DAVID TAFFET | Senior Staff Writer
taffet@dallasvoice.com

More than three years after the murder of his husband Joey Paul, Jeff Phillips can finally inherit his portion of Paul’s estate, and he can finally get information from Dallas police about the investigation that had been previously withheld from him — and all because of a court ruling in Dallas County.

The couple had been together for 15 years at the time of Paul’s death, but they were not formally married. Still, probate Judge Brenda Hull Thompson declared Phillips’ claim of common law, or informal marriage as it’s known in Texas, to be valid.

And now that declaration of informal marriage could mean the difference between solving a cold case or never identifying Joey Paul’s killer. Phillips said there’s a video of the murder that Paul’s family blocked from being released. But now Phillip’s has the right to call for its release.

Paul was shot and killed on Elmwood Boulevard in Oak Cliff on May 19, 2016, less than a year after the Obergefell marriage equality decision. He and Phillips had been together for 15 years and had talked about getting married but hadn’t gotten around to it.

To qualify for informal marriage status, Phillips had to show evidence that he and Paul had presented themselves as a married couple. As part of his proof, Phillips showed that he and Paul had purchased a house together in 2003 and that they had lived together and acted as a committed couple. He provided a stack of evidence about a foot high that included cards they sent to one another over the years, photographs and employee benefit forms that had named the other other as beneficiary.

In addition, two witnesses — former Fort Worth City Councilman Joel Burns and his husband JD Angle — signed and submitted sworn affidavits that said Paul and Phillips presented themselves as a married couple.

Attorney Brian Hill represented Phillips in the case, and he referred to the U.S. Supreme Court’s Obergefell marriage equality decision in arguing for common law recognition.

“Although their marriage date preceded the Supreme Court’s decision in Obergefell on June 26, 2015,” he said, “the well-established doctrine regarding the retroactivity of decisions on constitutional issues is clear and requires that Texas Courts recognize the validity of informal same-sex marriages, even those that existed before the Obergefell ruling.”

Hill said it was important to determine when the informal marriage began for the purpose of determining what property the two men acquired as a couple. So even though the Obergefell ruling didn’t happen until 2015, the court recognized the marriage retroactively to 2003.
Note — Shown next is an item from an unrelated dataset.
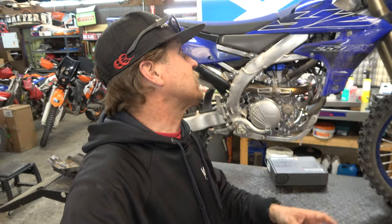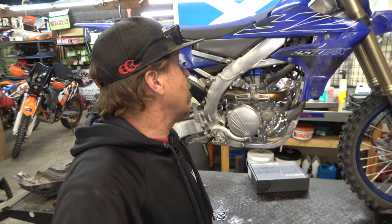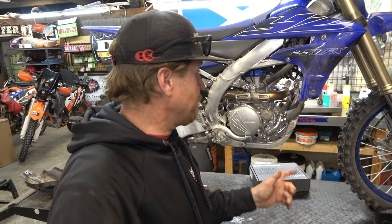Hey guys, it's Morten coming to you with another tech video. Today we are installing a Recluse Radius CX on this 2022 YZ250FX. So if that sounds interesting and you want to learn, then join me. Let's get after it.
The ruling also affects Phillips’ ability to collect any Social Security benefits due him as a legal spouse and to receive crime victim funds.

Even though this ruling is not the first of its kind in Texas, Hill said this case is important because it showed you can have a common law marriage declared posthumously, although the level of proof is higher than just showing they lived together, since one of the spouses isn’t there to testify.

Most importantly though, Hill added, “Now Jeff can be involved in the homicide investigation and be informed about the status of the case by Dallas Police, a right which is typically reserved only for legally-recognized members of the victim’s family and the surviving spouse in particular.”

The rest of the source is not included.